Şerif Hüseyin’in isyana hazırlandığı anlaşılınca Dördüncü Ordu komutanı Cemal Paşa tarafından Fahreddin (Türkkan) Paşa, 28 Mayıs 1916’da Medine’ye, Hicaz cephesine görevlendirildi. Hicaz bölgesindeki Osmanlı askerinin sayısı 15.000 civarındaydı. Şerif Hüseyin ile birlikte isyan edenlerin sayısı ise 50.000 kişiyi buluyordu.
Şerif Hüseyin’in adamları, 3 Haziran 1916’da Medine çevresindeki demiryolunu ve telgraf hatlarını tahrip ederek isyanı başlattılar. 5-6 Haziran gecesi Medine’de Osmanlı karakollarına saldırdılar. Ama Fahreddin Paşa’nın aldığı tedbirler sayesinde önce başarılı olamadılar.
Fakat isyancı Araplar İngilizlerin desteği ile daha hazırlıklı bir genel saldırıya geçerek 16 Haziran’da Cidde’ye, 7 Temmuz’da Mekke’ye. 22 Eylül’de de Tâif’e girdiler. Fahreddin Paşa’nın savunduğu Medine dışındaki ana merkezler isyancıların eline geçti. Bunun üzerine Fahreddin Paşa yetkileri arttırılarak, 1916 Temmuz’unda, Hicaz Kuvve-i Seferiyyesi komutanlığına tayin edildi.

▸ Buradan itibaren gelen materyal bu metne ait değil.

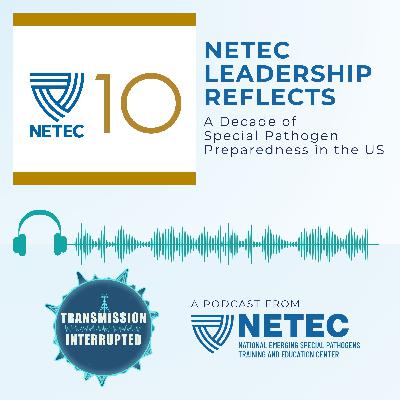 NETEC Leadership Reflects: A Decade of Special Pathogen Preparedness in the US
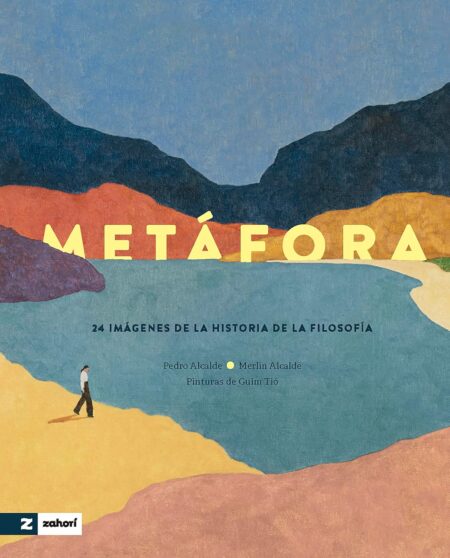 Metáfora. 24 imágenes de la historia de la filosofía.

Bu sırada Mısır’da Kanal Harekâtı bütün şiddetiyle devam ettiğinden Osmanlı devleti Hicaz’a daha fazla takviye asker gönderemiyordu. Fahreddin Paşa elinde bulunan az sayıdaki asker ve son derece kısıtlı erzakla Medine’yi 31 ay boyunca başarılı bir şekilde müdafaa etti, isyancılara vermedi.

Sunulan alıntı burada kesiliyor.